How to Avoid an Energy-Saving Scam
Here are 10 commonsense tips to avoid being hoodwinked by these scammers.
- Learn and understand a little about R-values. Forbes magazine has a good guide: What Is Insulation R Value? Everything You Need To Know. There's also a map showing recommended home wood frame wall insulation values.
- Ask for evidence to support any money-saving claims.
- Contact your utility providers for information on devices and tactics to reduce your consumption. Don't rely on salespeople.
- Seek customer references from contractors and others about their work and products.
- Read contracts including all the small print. And check warranties, especially for length of coverage and exclusions.
- Never sign a contract under pressure, especially with claims that the offer is only available right now. In fact, if you feel pressured to sign, that should be enough to make you distrust a salesperson.
- Beware of imposters claiming to be from utility companies or energy-efficiency experts such as the government's EnergyStar service. Don't let them into your home without thoroughly checking them out.

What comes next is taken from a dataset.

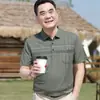 Camiseta de Verão do Papai Camiseta de Manga Curta para Homens de Meia-Idade Top com Gola Top para Pessoas de Meia-Idade e Idosos Top do Vovô Explosões do TikTok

- Don't provide confidential financial information over the phone or to a doorstep visitor, again until you've verified their identity.
- Get at least two competitive bids for any type of insulation or replacement windows you're considering.
- If you're thinking of buying and using a device that claims to cut electricity consumption, research it on the Internet to see what others are saying. Be skeptical - mostly, they don't work.
Yes, we all want to make energy savings. But the best way of making them is to monitor your usage to identify ways of cutting back - and taking guidance from your utility providers.
This Week's Scam Alert
IRS Warning: The Internal Revenue Service (IRS) has issued an urgent warning about a sudden and massive increase in identity theft attacks via SMS text messages (smishing). The texts pretend to be from the IRS and offer help with setting up an account or news about tax credits. The scammers use a fake IRS sign-on web page to steal victims' confidential information. The agency never asks for this type of information in emails or texts, so, if you get one, it's a scam.